WORK TASK >> Every line of the data below should be printed exactly.

AVAILABLE DATA >>
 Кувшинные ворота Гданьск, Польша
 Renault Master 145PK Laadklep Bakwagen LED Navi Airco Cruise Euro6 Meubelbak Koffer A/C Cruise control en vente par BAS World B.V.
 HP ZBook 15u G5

EXERCISE RESULT >>
 Кувшинные ворота Гданьск, Польша
 Renault Master 145PK Laadklep Bakwagen LED Navi Airco Cruise Euro6 Meubelbak Koffer A/C Cruise control en vente par BAS World B.V.
 HP ZBook 15u G5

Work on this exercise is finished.